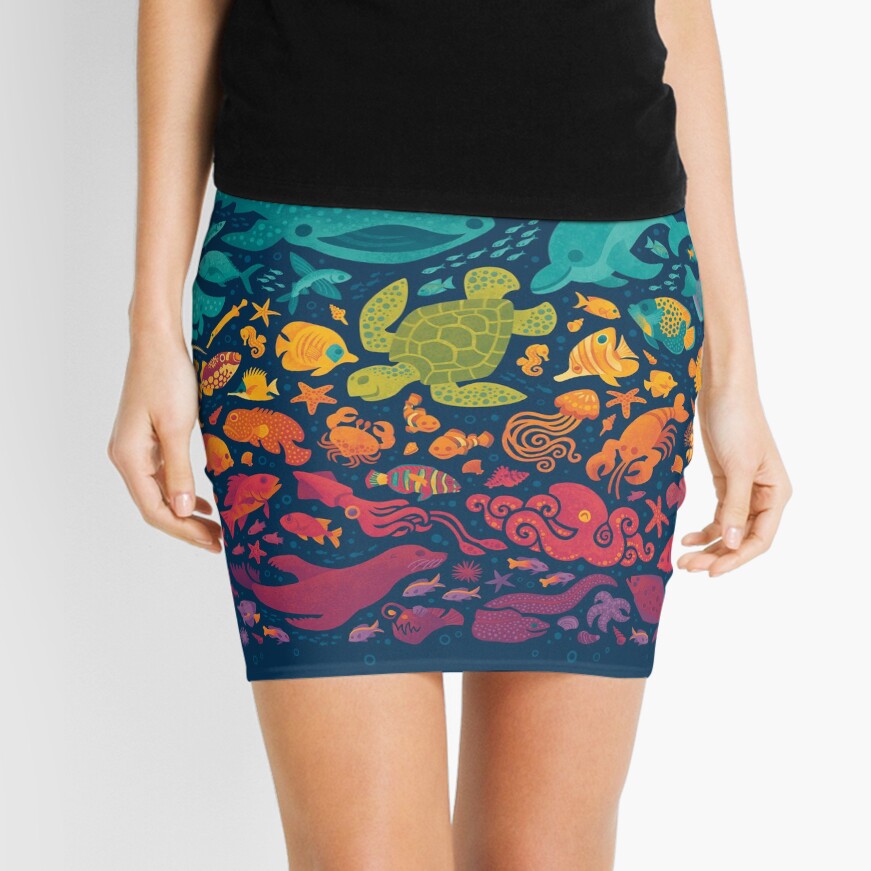 Item preview, Mini Skirt designed and sold by Waynem79.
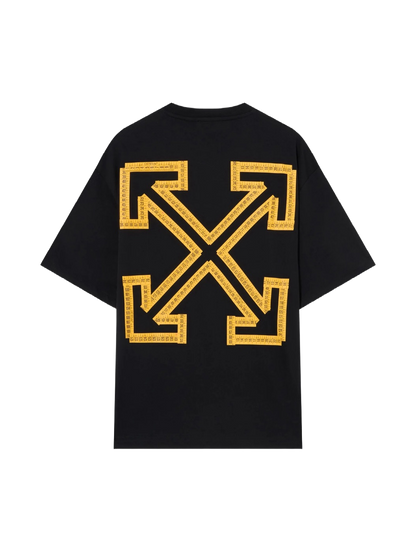 Off White Measuring Tape Arrow Skate Tee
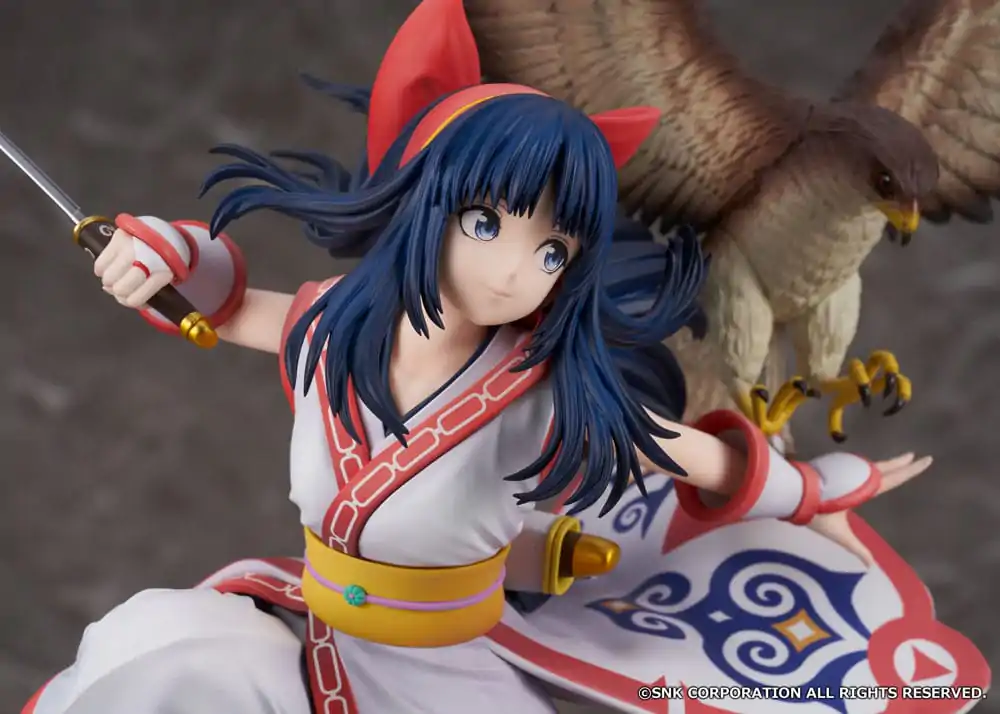 Samurai Spirits PVC Kip 1/7 Nakoruru 30 cm fotografija izdelka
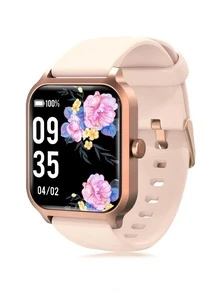 Relojes Inteligentes Luminoso Casual Deportivo - Rosa - Ver 3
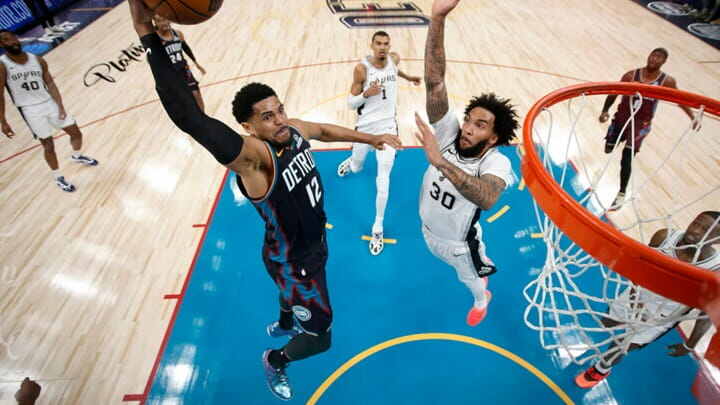San Antonio Spurs - Tobias Harris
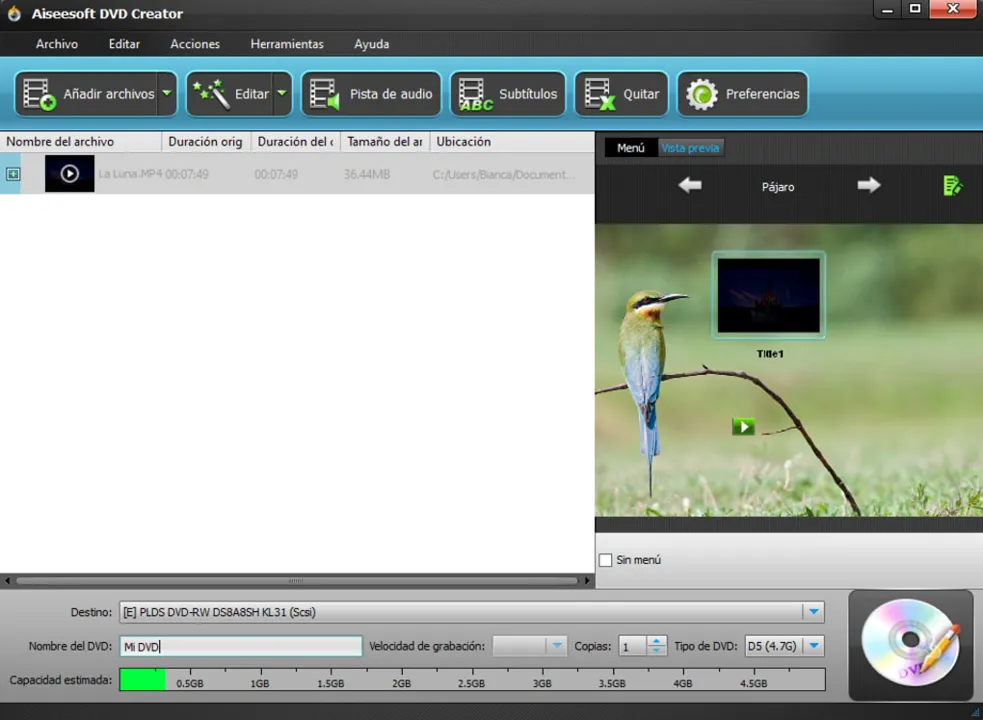 Descargar-nvr7skra-Aiseesoft DVD Creator 5.2.68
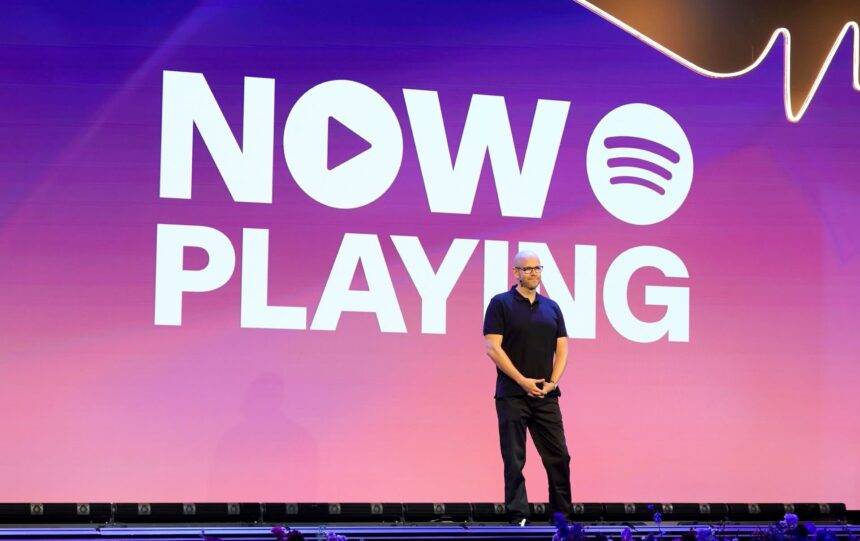 Spotify shifts focus to video podcasts, neglects Hi-Fi tier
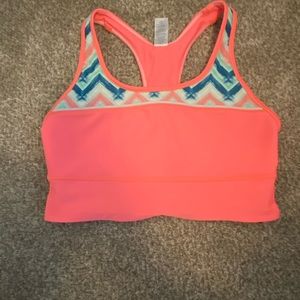 Ivivva girls sports bra size 12 girls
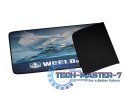 Podkładka pod mysz Carbon 500 Maxi WOWS Błyskawica 900x450mm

++++++++

Instructions for the task => After locating the line that holds "Samurai Spirits PVC", output exactly the lines from it through the last line of the material above, inclusive, without pictures.

Solution to this problem =>
 Samurai Spirits PVC Kip 1/7 Nakoruru 30 cm fotografija izdelka
 Relojes Inteligentes Luminoso Casual Deportivo - Rosa - Ver 3
San Antonio Spurs - Tobias Harris
 Descargar-nvr7skra-Aiseesoft DVD Creator 5.2.68
 Spotify shifts focus to video podcasts, neglects Hi-Fi tier
 Ivivva girls sports bra size 12 girls
 Podkładka pod mysz Carbon 500 Maxi WOWS Błyskawica 900x450mm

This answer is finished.